Di ritorno a San Pietroburgo, lo zar volle convocare i suoi consiglieri e la nobiltà russa, per riferire loro quanto visto e appreso. Davanti gli occhi dei più potenti uomini dell’Impero, lo zar prese tra le mani un kit da barbiere, afferrò delle forbici e uno ad uno fece avvicinare i nobili.
L’intento fu chiaro e generò clamore. Lo zar tagliò personalmente la folta barba a chiunque si presentasse al suo cospetto. Per il modello occidentale, la barba era sinonimo di arretratezza e inciviltà, Pietro attuò alla regola l’esempio. Le dichiarazioni drastiche dello zar non lasciarono meno stupiti, chiunque in Russia doveva radersi.
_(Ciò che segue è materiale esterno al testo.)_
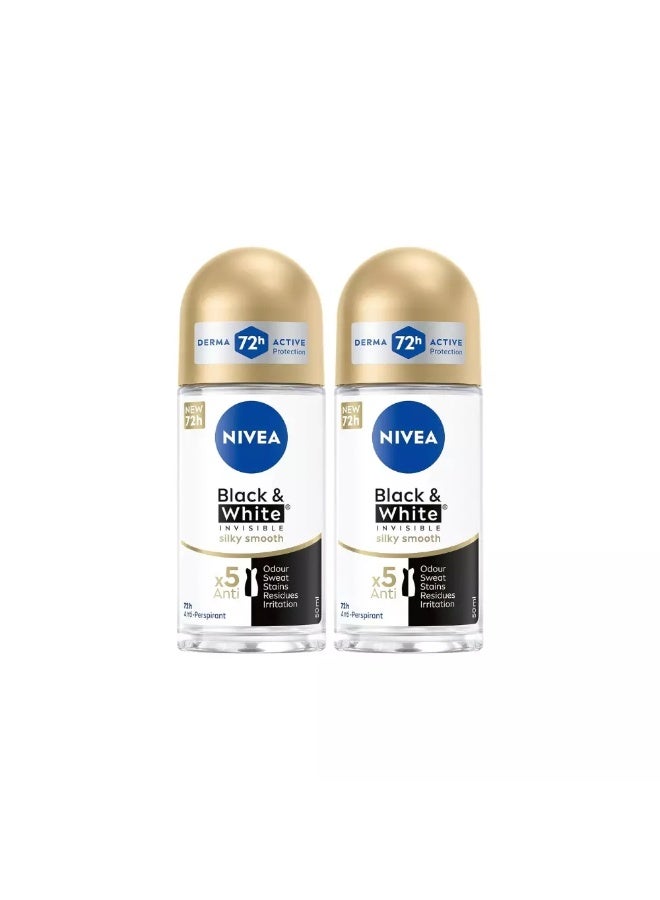 Nivea Invisible Black & White Silky Smooth Anti-Perspirant Roll-On Deodorant- 2X50ml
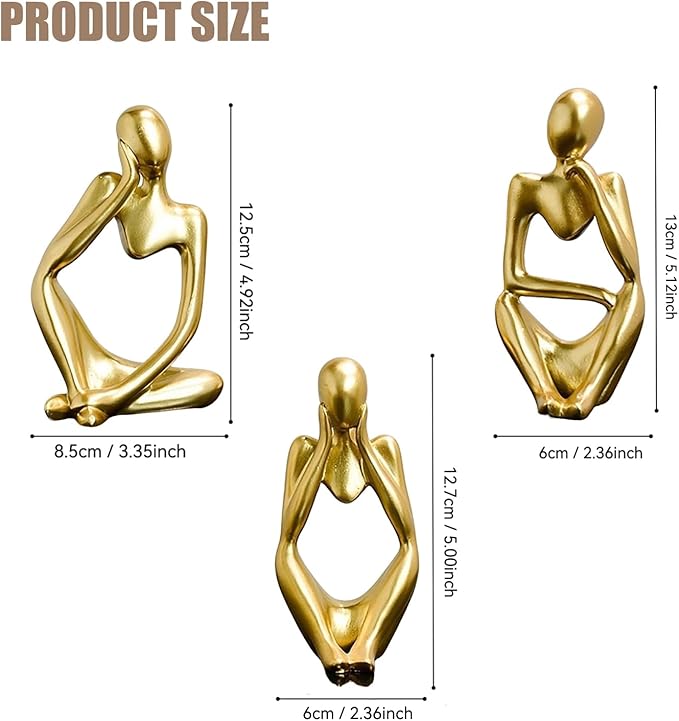Mingzhang 3pcs Thinker Statue Abstract Art Thinker Figurines Gold Home Decor for Living Room, Office, Coffee Table, Bookshelf Decoration, Housewarming Gifts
Ma con le buone si sa, non si risolve nulla. Ragion per cui Pietro, con una mossa abbastanza impopolare (come se l’opinione pubblica nella Russia settecentesca valesse qualcosa), iniziò a tassare chiunque volesse farsi crescere la barba. Per la nobiltà la tassa da pagare equivaleva a 100 rubli l’anno, per il ceto meno abbiente, un kopek (un centesimo).
Cosa accadeva a chi decideva di non pagare? Beh, la clemenza non era proprio il punto forte delle autorità zariste; si finiva in prigione, tra un’interrogazione ed un’altra si giungeva ad una condanna e poi al pagamento di una salatissima sanzione.
Secondo lo zar il cambiamento doveva iniziare dalle piccole cose…E in effetti qualcosa da allora è cambiato nell’impero russo: le acconciature. Nella storia però Pietro non è un caso isolato. Basti pensare al fatto che una tassa simile era stata imposta dal re inglese Enrico VIII nel 1535. Chissà in quanti non avranno rispettato le disposizioni di Pietro, “in barba” all’autorità.